It’s lonely at the top: “Do people come up to you at parties and tell you their broadband speed?” I asked Gavin Patterson, the chief executive of BT Group. “Oh yes,” he said, and rolled his eyes.
We were scheduled as the opening act of the annual conference of the Market Research Society, the world’s largest organisation of people who give chief executives the information they need to make the business bets that decide the future of their companies.
Predicting the return on investment in technology is notoriously difficult for executives in any business, at any level. Models of payback time or net present value struggle to model markets that can be disrupted, have volatile prices, and constantly changing services.
Agile development processes, in which projects proceed by small steps and the next step depends on the success of the previous one, simply can’t be valued in the long run. And much innovation in competitive environments has to be made, whatever the price, because the cost of not innovating is too high (Kirstin Gillon, technical manager at the IT faculty of the Institute of Chartered Accountants had previously described these to me as “do it or you’re dead” investments).
At BT, domestic fibre investment has been more than £10bn so far, with an extra £1bn every year. To capitalise on fixed-mobile convergence, BT has bought mobile operator EE for £12.5bn. To increase demand for its retail broadband, BT paid more than £1bn for the rights to show European football. On the other side of the ledger, an anonymous executive recently told a parliamentary inquiry that BT was wasting £1bn a year in botched engineering.
Therefore being a telco CEO is inevitably a lonely role, Patterson admits, because he has to stand behind the big bets, and will be judged a success on how many of them pay off. “The role of the CEO is one that many people look forward to,” he said, “But there are so many things that could go wrong at any time, you have to get attuned to that. When you are head of a division, you work with your peers, and they act as confidantes and advisors. But you don’t have that role with anyone else when you’re a CEO, and your relationship with the board is different – they’re there to push you and challenge you, not train and develop you.”
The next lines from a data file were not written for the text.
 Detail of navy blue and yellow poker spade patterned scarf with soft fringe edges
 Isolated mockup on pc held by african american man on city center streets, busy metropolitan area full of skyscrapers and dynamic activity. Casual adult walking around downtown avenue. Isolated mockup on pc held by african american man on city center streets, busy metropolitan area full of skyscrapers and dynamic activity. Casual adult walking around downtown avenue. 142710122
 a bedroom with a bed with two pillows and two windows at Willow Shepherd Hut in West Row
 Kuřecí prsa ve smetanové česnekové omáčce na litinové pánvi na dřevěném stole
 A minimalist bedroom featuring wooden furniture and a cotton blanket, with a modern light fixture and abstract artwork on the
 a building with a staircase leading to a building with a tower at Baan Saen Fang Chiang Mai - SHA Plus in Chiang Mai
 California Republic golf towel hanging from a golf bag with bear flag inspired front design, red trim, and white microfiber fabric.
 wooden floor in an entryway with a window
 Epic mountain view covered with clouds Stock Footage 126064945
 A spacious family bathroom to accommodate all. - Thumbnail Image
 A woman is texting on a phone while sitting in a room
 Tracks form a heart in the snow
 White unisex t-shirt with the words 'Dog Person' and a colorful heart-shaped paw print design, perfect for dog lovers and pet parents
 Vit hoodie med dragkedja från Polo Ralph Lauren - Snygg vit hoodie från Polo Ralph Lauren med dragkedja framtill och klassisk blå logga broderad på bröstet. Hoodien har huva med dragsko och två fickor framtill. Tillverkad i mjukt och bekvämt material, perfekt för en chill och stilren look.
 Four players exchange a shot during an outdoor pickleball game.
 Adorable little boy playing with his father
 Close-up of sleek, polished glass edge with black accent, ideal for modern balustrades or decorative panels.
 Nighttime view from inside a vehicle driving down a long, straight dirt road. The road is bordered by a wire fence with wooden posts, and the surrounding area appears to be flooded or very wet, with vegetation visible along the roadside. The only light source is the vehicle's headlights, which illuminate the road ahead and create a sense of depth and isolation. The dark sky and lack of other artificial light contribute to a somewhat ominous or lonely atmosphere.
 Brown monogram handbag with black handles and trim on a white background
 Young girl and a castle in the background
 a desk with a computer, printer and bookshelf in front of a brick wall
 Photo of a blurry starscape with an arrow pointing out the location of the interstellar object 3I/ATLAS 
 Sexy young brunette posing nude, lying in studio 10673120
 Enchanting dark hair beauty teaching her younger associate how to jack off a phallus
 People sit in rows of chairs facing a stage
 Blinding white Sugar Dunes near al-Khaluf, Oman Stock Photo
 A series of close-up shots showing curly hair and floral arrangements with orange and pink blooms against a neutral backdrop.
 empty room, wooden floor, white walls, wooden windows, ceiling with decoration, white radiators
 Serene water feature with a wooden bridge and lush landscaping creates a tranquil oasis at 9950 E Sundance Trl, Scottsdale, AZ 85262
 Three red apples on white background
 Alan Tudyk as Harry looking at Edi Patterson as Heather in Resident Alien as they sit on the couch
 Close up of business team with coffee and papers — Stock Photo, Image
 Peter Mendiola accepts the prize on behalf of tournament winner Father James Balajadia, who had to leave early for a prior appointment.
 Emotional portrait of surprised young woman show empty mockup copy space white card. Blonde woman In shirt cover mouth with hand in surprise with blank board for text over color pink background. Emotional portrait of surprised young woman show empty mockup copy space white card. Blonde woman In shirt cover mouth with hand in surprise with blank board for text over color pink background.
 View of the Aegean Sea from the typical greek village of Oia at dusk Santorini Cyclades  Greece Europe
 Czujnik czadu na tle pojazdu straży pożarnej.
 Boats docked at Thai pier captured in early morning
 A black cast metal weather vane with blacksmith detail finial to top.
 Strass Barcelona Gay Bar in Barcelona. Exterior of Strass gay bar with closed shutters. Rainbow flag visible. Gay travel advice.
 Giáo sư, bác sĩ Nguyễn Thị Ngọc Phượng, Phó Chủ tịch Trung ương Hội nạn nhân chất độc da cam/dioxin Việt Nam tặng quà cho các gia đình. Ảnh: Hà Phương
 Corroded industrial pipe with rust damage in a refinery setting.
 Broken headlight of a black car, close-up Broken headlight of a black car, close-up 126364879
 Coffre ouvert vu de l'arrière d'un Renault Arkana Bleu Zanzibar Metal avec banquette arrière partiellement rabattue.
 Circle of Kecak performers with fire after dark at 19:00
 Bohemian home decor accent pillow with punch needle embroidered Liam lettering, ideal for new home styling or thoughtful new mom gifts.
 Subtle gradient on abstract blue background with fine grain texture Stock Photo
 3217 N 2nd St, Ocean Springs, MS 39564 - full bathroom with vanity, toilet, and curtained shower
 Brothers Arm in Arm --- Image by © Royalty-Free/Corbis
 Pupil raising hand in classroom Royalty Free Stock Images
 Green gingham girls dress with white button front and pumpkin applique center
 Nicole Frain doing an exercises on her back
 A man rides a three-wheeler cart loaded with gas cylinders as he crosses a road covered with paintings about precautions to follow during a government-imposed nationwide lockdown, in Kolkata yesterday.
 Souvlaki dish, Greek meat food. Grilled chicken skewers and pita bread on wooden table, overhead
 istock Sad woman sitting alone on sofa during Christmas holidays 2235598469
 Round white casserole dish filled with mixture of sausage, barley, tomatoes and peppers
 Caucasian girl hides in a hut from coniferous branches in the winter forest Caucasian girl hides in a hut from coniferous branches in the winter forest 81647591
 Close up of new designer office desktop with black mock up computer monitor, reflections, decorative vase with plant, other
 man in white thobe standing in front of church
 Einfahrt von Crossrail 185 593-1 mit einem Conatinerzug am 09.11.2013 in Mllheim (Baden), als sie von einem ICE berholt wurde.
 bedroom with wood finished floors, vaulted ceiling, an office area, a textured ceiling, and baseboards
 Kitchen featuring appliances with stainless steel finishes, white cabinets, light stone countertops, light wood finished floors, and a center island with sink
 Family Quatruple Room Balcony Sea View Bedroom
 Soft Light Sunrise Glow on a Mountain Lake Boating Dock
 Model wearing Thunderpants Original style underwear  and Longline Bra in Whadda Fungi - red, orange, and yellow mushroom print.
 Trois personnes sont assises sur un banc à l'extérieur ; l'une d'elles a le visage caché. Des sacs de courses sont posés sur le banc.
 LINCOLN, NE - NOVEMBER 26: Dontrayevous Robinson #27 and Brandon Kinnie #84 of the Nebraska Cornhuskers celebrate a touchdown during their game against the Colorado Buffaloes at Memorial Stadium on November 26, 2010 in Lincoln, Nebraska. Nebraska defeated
For a carrier, the payback time of many of these investments is much longer than in any sectors, even comparing telecoms with automobile manufacturing or retailing: the longevity of telecoms investments exceeds the average tenure of the average telecoms CEO by a factor of two or three.
Patterson explains that, because research makes it impossible to predict returns on investment with a high degree of certainty, he actively recruits executives who can act instinctively as well as read market data.
“The competitors I faced at BT 10 years ago were a completely different set. Yet I have to make decisions that have a 10- or 15-year payback… You never make [big decisions] with complete confidence. As CEO you focus on the big ones and try to make sure you’re not shafted by the small ones.”
Patterson’s appearance was scheduled to end at exactly 9.30am because 30 minutes after our interview finished he was in parliament, answering to the politicians who make up the culture, media and sport select committee.
The UK’s members of parliament used the opportunity to shaft him with accusations that 60% of installations done by BT’s infrastructure division – which controls fibre to the cabinet in the UK, and so is a business partner for every major service provider – go wrong, that his engineers were missing 1,000 appointments a week, and that he also didn’t deserve his £1.3m bonus.
It’s a reminder that, in a global carrier, most of the decisions you make are big when you look at them from the outside.
Earlier, before he left the market research conference, Patterson had time for a couple of audience questions. A hand went up in the front row: “I’m sorry,” she said, “I just have to ask you about my broadband speed.”